What do we know about patient-centered outcomes after critical illness?
There are a wide variety of important, serious sequelae in survivors of intensive care. These include late mortality [2, 3], on-going morbidity [3, 4, 5], neurocognitive defects [6], impaired mental health [3, 5, 6], poor functional capabilities [3, 4, 5], decreased quality of life [7], decreased return to work and usual activities [6], burden and stress on families and informal caregivers [8], and economic costs to the patient, the family and society [9].

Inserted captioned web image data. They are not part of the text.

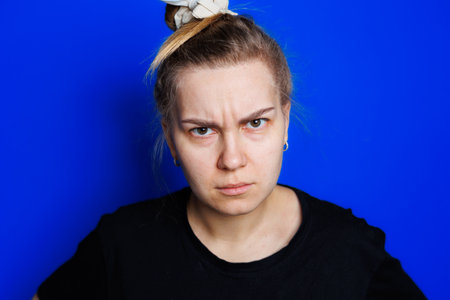 Portrait of a young woman on a blue background holding her head. Headache, migraine in a woman.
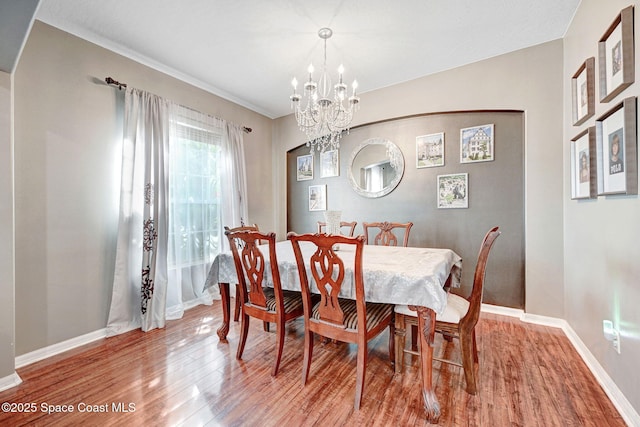 dining space with wood finished floors, a notable chandelier, and baseboards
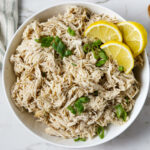 Cooked shredded chicken in a bowl with green onions and lemon slices for garnish.
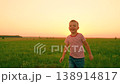 Kid laughs runs across green grass, sunset. Small child plays on lawn. Child active games. Happy boy laughs while play on lawn. Small boy runs green grass with arms raised. Family picnic, kid nature 138914817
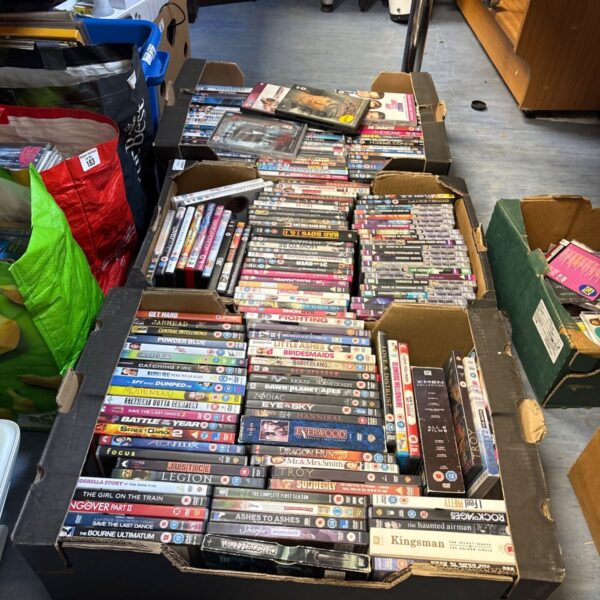 Mixed DVD movie lot in three boxes, ready for a new home.
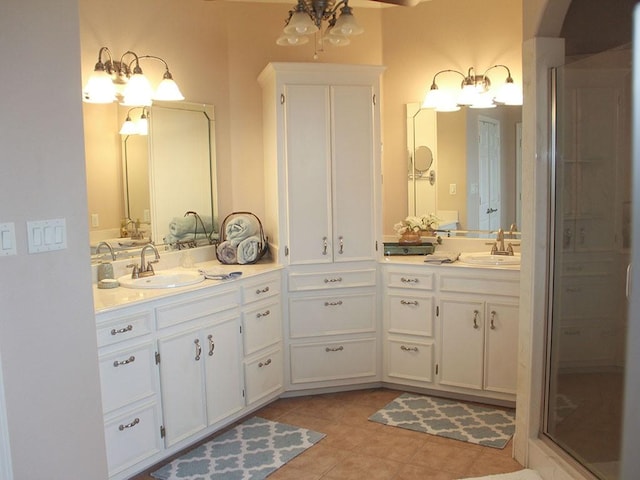 full bath with vanity, tile patterned floors, and an inviting chandelier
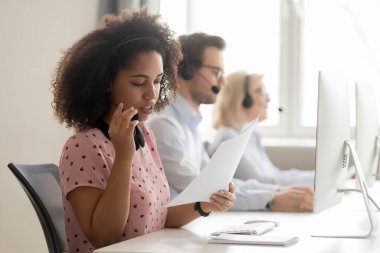 Kulaklık kağıdı okuyarak karışık ırk çağrı merkezi operatörü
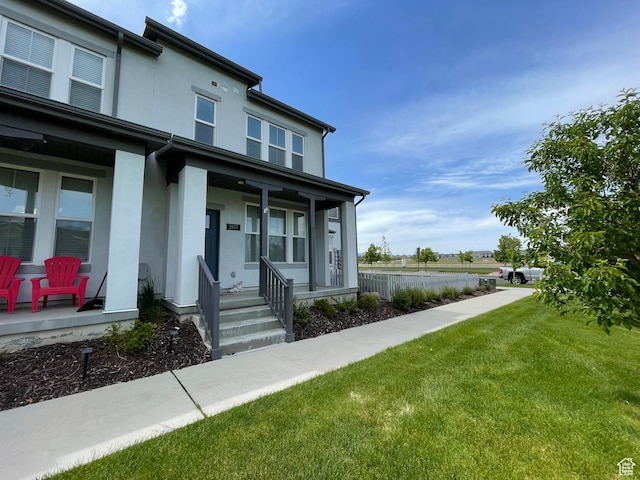 5957 W Lake Ave, South Jordan, UT 84009 - view of front of home featuring a porch and stucco siding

Several studies have suggested that patients who survive intensive care, such as those surviving severe sepsis, are at a higher risk of death than control cohorts for many years [2, 10, 11, 12, 13, 14, 15, 16, 17, 18, 19, 20, 21, 22, 23, 24, 25, 26, 27]. Furthermore, ICU survivors often report debilitating problems with poor functional status [28, 29, 30, 31, 32]. For example, Montuclard et al. [28] recently reported in a small cohort of elderly ICU survivors that only 41% were alive at 1 year, and 23% had difficulty bathing, 15% had difficulty toileting, 26% had difficulty transferring from chairs or beds, and 19% were incontinent. Even at hospital discharge, many patients have considerable problems. Ely et al. [33] recently demonstrated that almost half of all ICU patients leave the hospital with abnormal mental status. Hopkins et al. [34] showed that neurocognitive problems can persist long after discharge. At 2 years, one-fifth to one-third of acute respiratory distress syndrome (ARDS) survivors demonstrated problems with memory, mental processing, executive decision-making, and attention deficit [35, 36]. ARDS survivors are also likely to have a wide array of symptoms ranging from respiratory problems, such as hoarseness and dyspnea, to general constitutive complaints, such as weakness and fatigue [13]. Herridge [37] has also reported considerable weight loss and debilitation of ARDS survivors, including flexion contractures and heterotopic ossification, presumably due to the prolonged immobilization of protracted ICU stays. These problems impair exercise ability and interfere with the ability to return to work. Indeed, Herridge [37] reported that only 38% of survivors had returned to work 1 year after discharge. It is not surprising, therefore, that numerous studies have demonstrated that ICU survivors and survivors of ARDS or sepsis endure a poorer quality of life than controls [13, 14, 15, 30, 31, 32, 34, 38]. Studies have suggested ICU survivors are more likely to suffer posttraumatic stress disorder and depression with poor quality of life related to both physical and mental domains [32].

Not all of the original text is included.